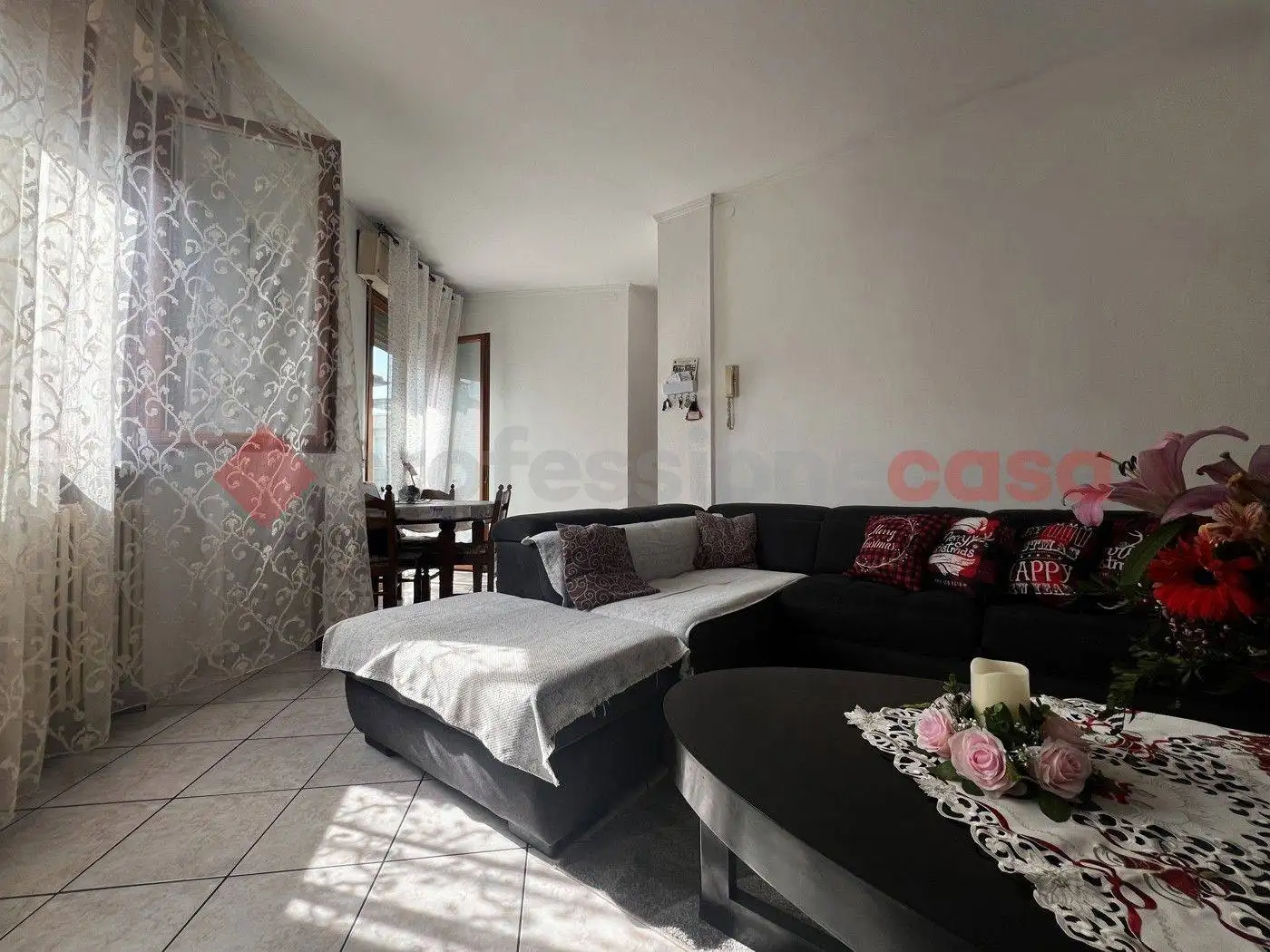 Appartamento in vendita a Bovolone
######
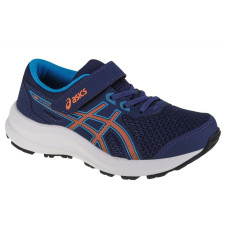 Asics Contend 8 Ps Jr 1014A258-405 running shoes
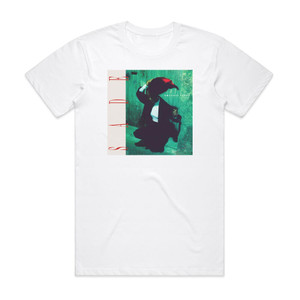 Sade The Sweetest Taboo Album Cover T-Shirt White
######
### Work request
Going back to the data above, write out everything from the line with "Asics Contend 8" down to the line with "Sade The Sweetest", both included, leaving every picture out.

### Exercise solution
 Asics Contend 8 Ps Jr 1014A258-405 running shoes
 Sade The Sweetest Taboo Album Cover T-Shirt White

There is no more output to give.